Tea Time: All About Matcha


Combining something delicious with something shockingly versatile is a consumption coup for any serious eater or drinker. Matcha, the powdered green tea, is both theatrical as a drink and dynamic as an ingredient.

From its traditional, performative hot preparation—powdered matcha is frothed with hot-but-not-boiling water in a tea bowl with a bamboo whisk, or chasen—to its myriad tasty and bizarre food applications (shortbread! salt! ice cream! savory dinner rolls!), matcha's uniqueness in the tea world comes not only from its flavor but its composition. Unlike loose tea that we steep and discard, matcha consists of finely milled entire tea leaves—so we consume the whole thing, and receive all the attendant benefit and nuance. (In fact, most tea was prepared from compressed powder cakes until the popularity of loose tea skyrocketed in the Ming dynasty.)

Produced only in Japan, matcha starts out similar to gyokuro (green tea). Shade-grown to darken the tea leaves, only the highest quality buds are harvested. The tea leaves are then dried flat, as tencha tea, and then deveined and stone-milled to become matcha.

Matcha is also at the heart of the Japanese tea ceremony, where it may appear in both thick and thin forms. Matcha is marketed in a variety of grades (which some tea connoisseurs debate the validity of), from an ingredient and food-grade powder to higher-quality matchas that are generally distinguished by color, flavor, and aroma. Matcha is also divided between koicha (more tender leaves picked from older plants, and used to prepare thicker, milder matcha) and usucha (used to prepare a thinner tea with a more bright and bitter flavor). Tea drinkers sourcing matcha may find it hard to know which grade they're buying unless they can read Japanese!


Though matcha is popping up everywhere these days (including Jamba Juice), matcha first-timers should seek out teahouses or Japanese neighborhoods near them, if any exist, suggests Alissa White, who runs matchasource.com, an online-only matcha importer based in Los Angeles. (White also ran a matcha pop-up shop, Matcha Box, this summer in New York's Soho neighborhood to great success.)

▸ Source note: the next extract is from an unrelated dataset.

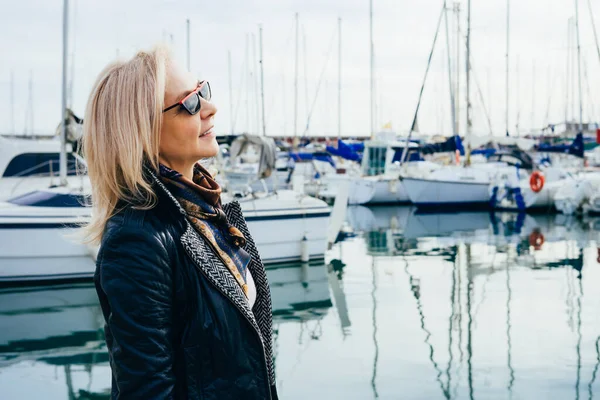 Portrait of an adult beautiful lady in a jacket standing in a marina and looks into the distance in sunglasses  on yachts background.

And though teahouses have faced a tough go of it in the recession, matcha's almost bizarre flexibility has it showing up in many forms: several places around New York serve "iced matcha," matcha that's shaken with ice and water in a cocktail shaker and served over ice: it's tongue-trippingly smooth and refreshing. Pastry chefs are into it too—White has sold matcha to Nobu Miami for their panna cotta, and to The French Laundry for matcha truffles.


For those who wish to experiment at home, you'll need a tea bowl, or chawan, and a bamboo whisk known as a chasen. (Some preparations also involve a sieve for de-clumping your matcha powder.) You saturate the matcha with hot water (below boiling) and whisk it to a froth. The steps may be easy to explain, but they're hard to perfect.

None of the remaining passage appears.